== WHAT NEEDS TO BE DONE ==
Starting at the line that contains "Women's White Black", copy every line to the end of the material below exactly, and omit the pictures.

== DATA EXTRACT ==
□ □ □
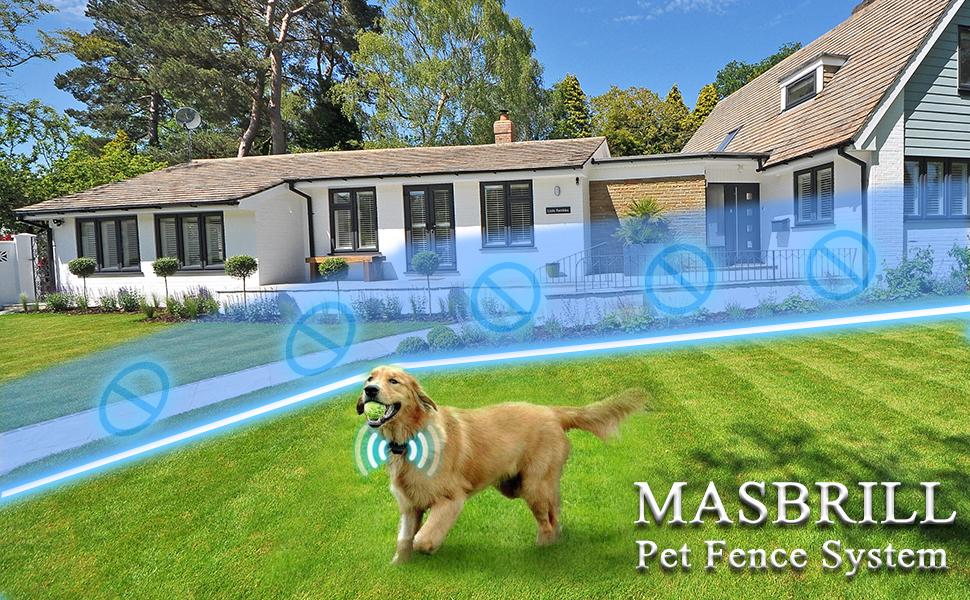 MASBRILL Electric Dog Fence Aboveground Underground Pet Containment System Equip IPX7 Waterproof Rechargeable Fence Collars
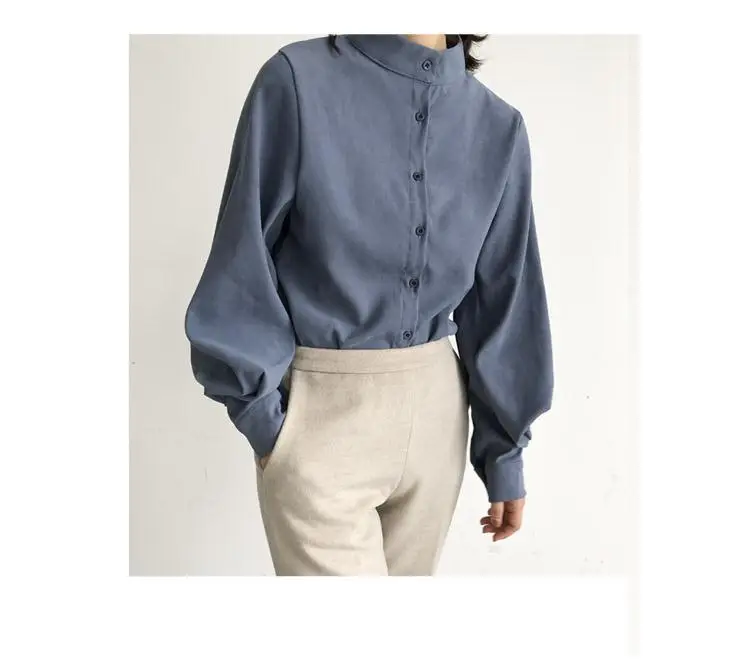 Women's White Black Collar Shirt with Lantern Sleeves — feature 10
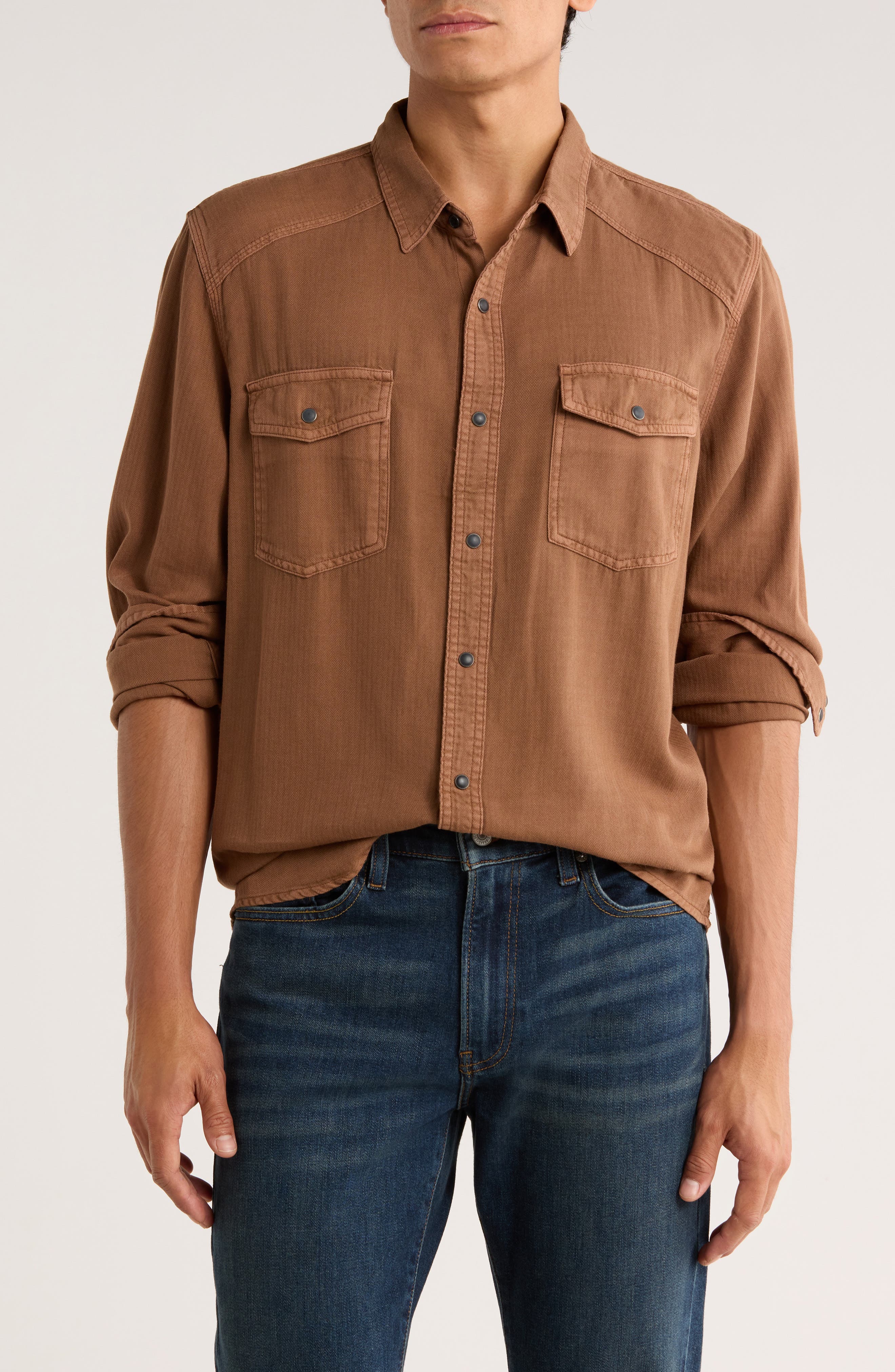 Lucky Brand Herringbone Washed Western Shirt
□ □ □
== OUTPUT FOR THIS EXERCISE ==
 Women's White Black Collar Shirt with Lantern Sleeves — feature 10
 Lucky Brand Herringbone Washed Western Shirt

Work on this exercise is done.